Updated: Mar 22, 2023

The financial undercurrent behind The Morningside Institute.

By Iris Chen


One windy January evening, my friend and I walk over to Riverside Church in search of what it means to be “Wounded by the Arrow of Beauty.” This predicament, the subject of the Morningside Institute’s talk for the night, draws in a crowd of students.


One attendee has come all the way from Princeton and tells us he is here on behalf of the James Madison Program. Despite the fact that JMP was exposed in 2015 for being funded by right-wing dark money, at the Institute the association only warrants curiosity. Other students ask him about Princeton’s conservative publications and mention the policing of free speech on Columbia’s campus.


Slightly uneasy, my friend and I soon realize that the talk is concerned with a very specific type of religious beauty. We read some Antiphons and Psalms and get a rather ostentatious taste of Bach. Afterwards, people raise their hands to describe the deep suffering that foregrounds what they believe to be the summit of aesthetic beauty: the crucifixion of Christ. They lament the modern world’s brutalization of innocence and childlike purity. They proselytize canonical works of art and music and lacerate their own shortcomings in the face of the supposed beauty, kindness, and goodwill that these works embody.


As we sit there, my friend and I cannot help but feel that we will never be subject to their particular plight of inheriting a civilized standard of beauty.


Our discomfort, while telling, does not amount to much as criticism of the Morningside Institute. But one need not look any further than the Institute’s tax record to find that they are funded by America’s neo-fascist, Catholic, right-wing elite.
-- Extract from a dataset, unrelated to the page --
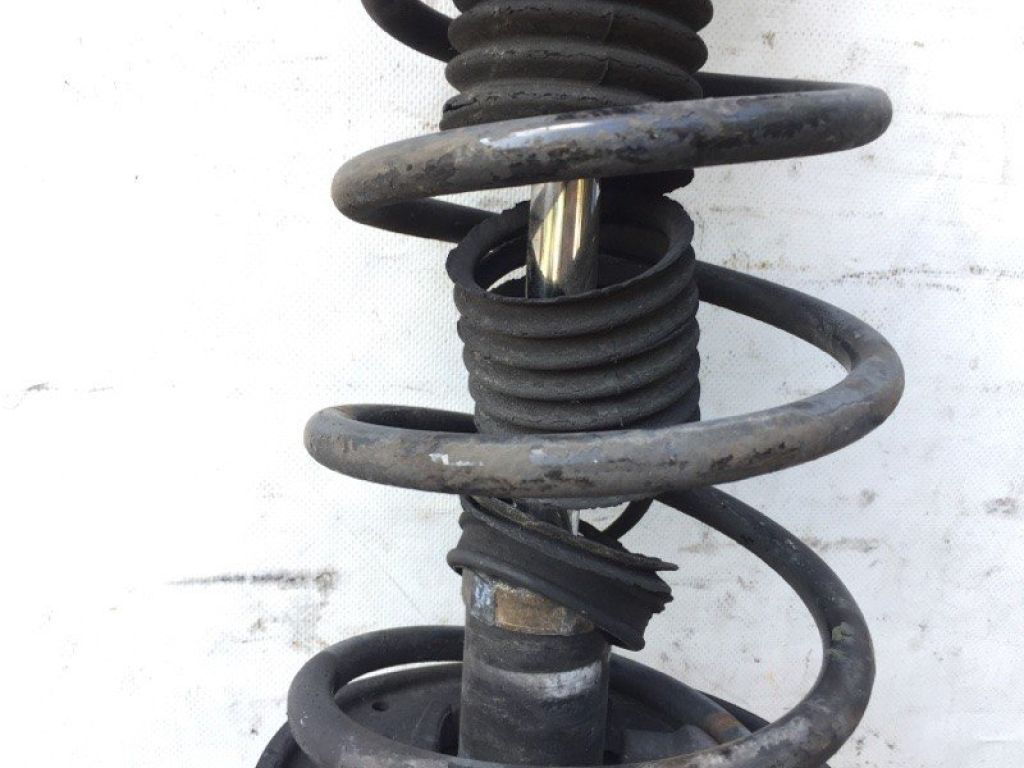 48540-A9170 | Амортизатор задн. лів. TOYOTA CAMRY 30 02-06 - Фото 5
Perhaps it is hasty to conclude from here that the Institute’s hands are tied, but it is obvious that they are somewhat bound. Their website’s masthead omits several of their key members; affiliated organizations and funders are notably absent. Even still, first-time attendees will pick up on the Institute’s foundationalist, Catholic focus. On their events calendar, “Wounded by the Arrow of Beauty” is followed by a reading group on the works of Alexander Schmemann, a 12th-century Eastern Orthodox thinker, and talks on former Pope Benedict XVI’s famous Regensburg Address.


The obscurity surrounding the influence of the Morningside Institute’s funding throws a wrench into this kind of religious inquiry. If their talks are indeed conducted in earnest, why the secrecy?


...


When I raise the question of the Morningside Institute’s purpose to its director, Nathaniel Peters, he employs the vague language of humanism. Their mission, he tells me, is to “help students and faculty investigate important aspects of human life and what is good for us and for our society, in a spirit of intellectual friendship.”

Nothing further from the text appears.